Es gibt ja auch immer öfter solidarische alte weiße Männer! (lacht)
Wie hoch schätzen Sie die Wahrscheinlichkeit für eine Rückkehr der Großen Koalition?
Ich weiß es nicht, aber noch vor zwei Monaten hätte ich mir auch nicht die aufgeladene Stimmung vorstellen können, wie sie jetzt in der Politik herrscht. Wenn wir – hoffentlich schneller als es derzeit der Fall ist – mit den Impfungen weiterkommen, dann liegt ein Jahrzehnt vor uns, in dem wir die Wirtschaft wieder aufbauen müssen. Je breiter der politische und gesellschaftliche Konsens, desto erfolgreicher werden wir dabei sein.
Sie werden bereits als mögliche Justizministerin in einer türkis-roten Regierung genannt.
Also erstens haben wir jetzt Wichtigeres zu tun, als über Posten zu spekulieren. Zweitens befindet sich die Sozialdemokratie in Opposition. Und drittens gehöre ich mit acht Jahren Regierungserfahrung wahrscheinlich zu den längstdienenden Ministern der Zweiten Republik. Ich habe mich dem Parlamentarismus verschrieben und glaube, dass das Parlament gerade jetzt eine wichtige Rolle für die Funktionsfähigkeit der Demokratie und die Krisenbewältigung spielt. Ich wünsche mir sehr, dass Regierung und Parlament auf Augenhöhe miteinander umgehen.

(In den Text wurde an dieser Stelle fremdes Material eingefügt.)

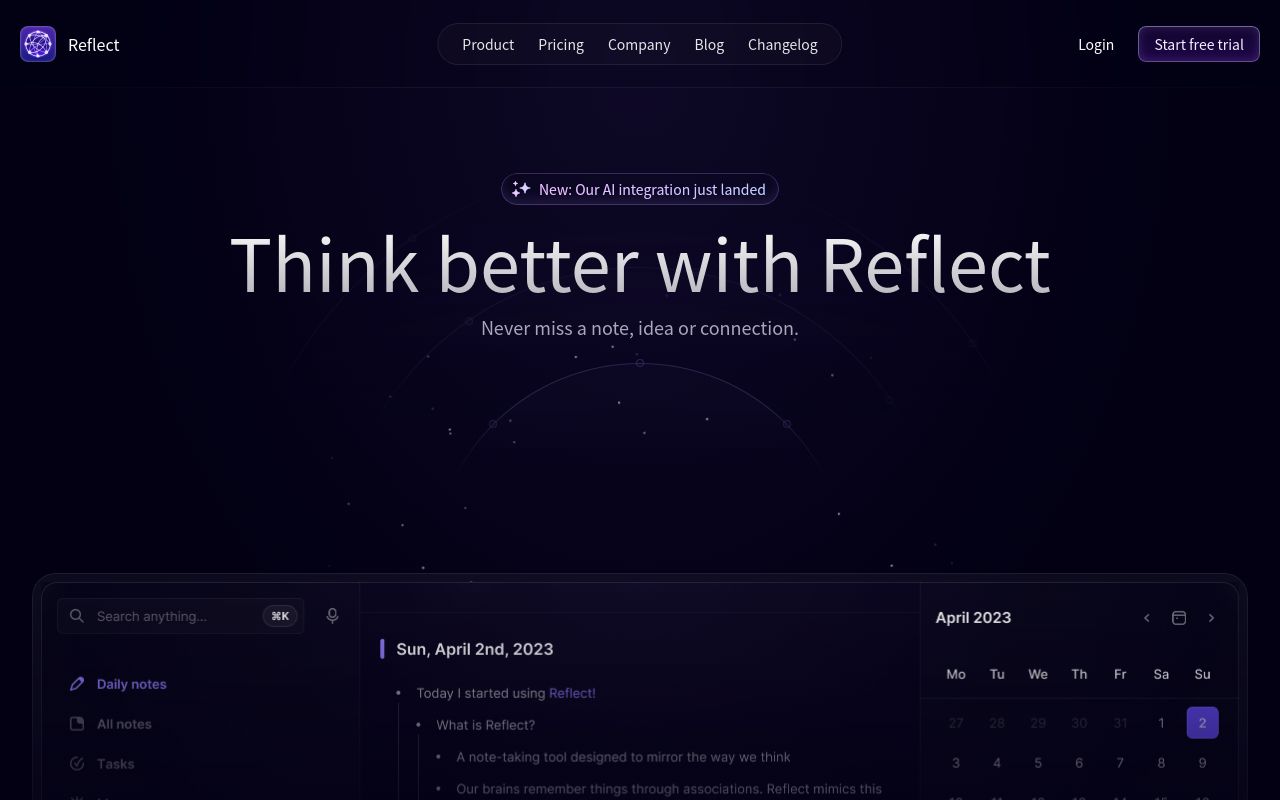 Reflect 官网截图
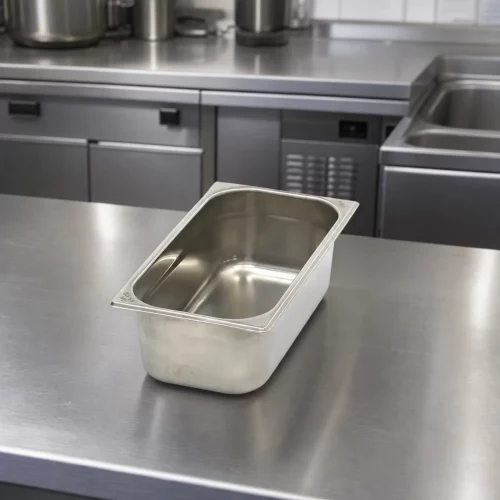 Gastro Gastronormbehälter - 1/3 GN - 10 cm Tief - Edelstahl im professionellen Einsatz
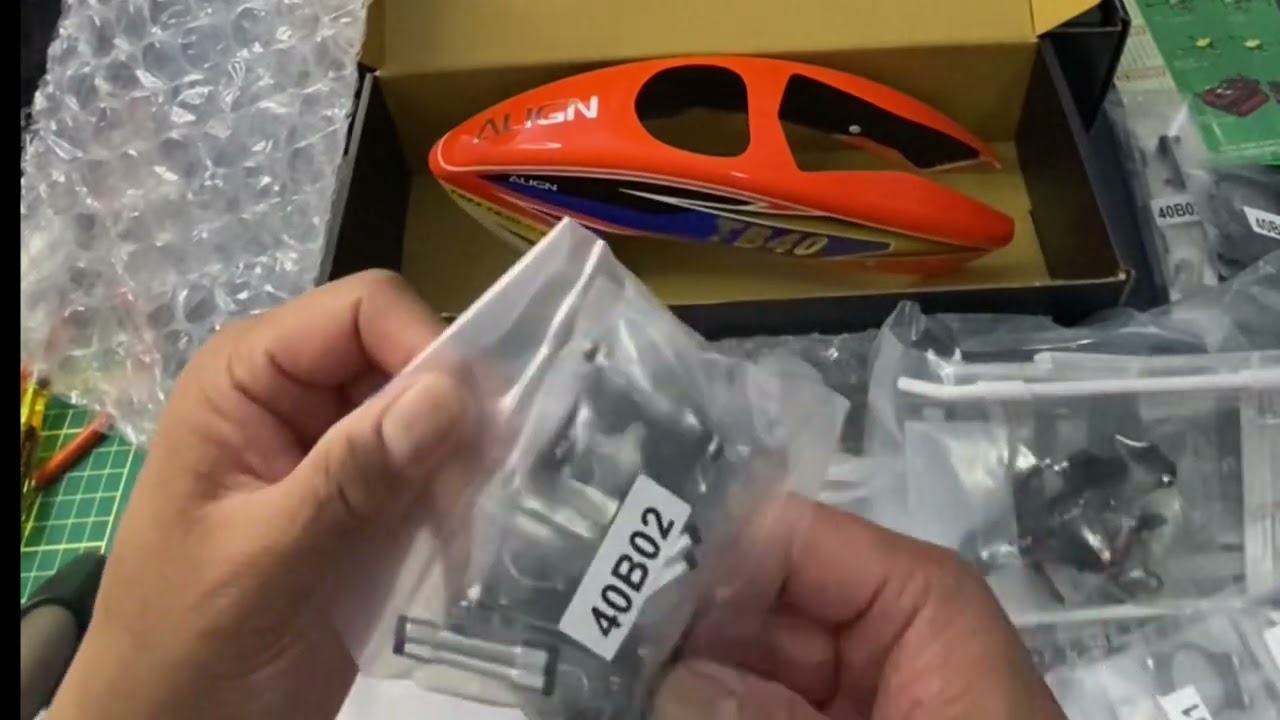 Align TB40 Rc Helicopter; Unboxing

Hat sich denn da schon etwas verbessert?
Ja in den letzten Wochen hat es doch die Erkenntnis gegeben, auch die im Parlament vertretenen Parteien einzubinden und andere Meinungen anzuhören. Und wir im Parlament haben gezeigt, dass wir innerhalb weniger Stunden und auch nächtens fähig sind, Verordnungen zu prüfen. Das macht diese übrigens auch besser.
Wie kommen Sie mit Kanzler Sebastian Kurz aus?
Mit ihm habe ich ein sehr professionelles Verhältnis, wir saßen auch eine Zeit lang in derselben Bundesregierung.
Wie steht es mit einer Präsidentschaftskandidatur von Ihnen 2022?
Der Herr Bundespräsident hat sich noch nicht geäußert, ob er noch einmal antritt. Daher wäre es respektlos, darüber zu spekulieren. Wir haben noch viel Zeit, diese Frage ausführlich zu diskutieren.
Und wenn er antritt?
Dann halte ich viel von der guten Tradition, dass wir dann keinen Gegenkandidaten aufstellen.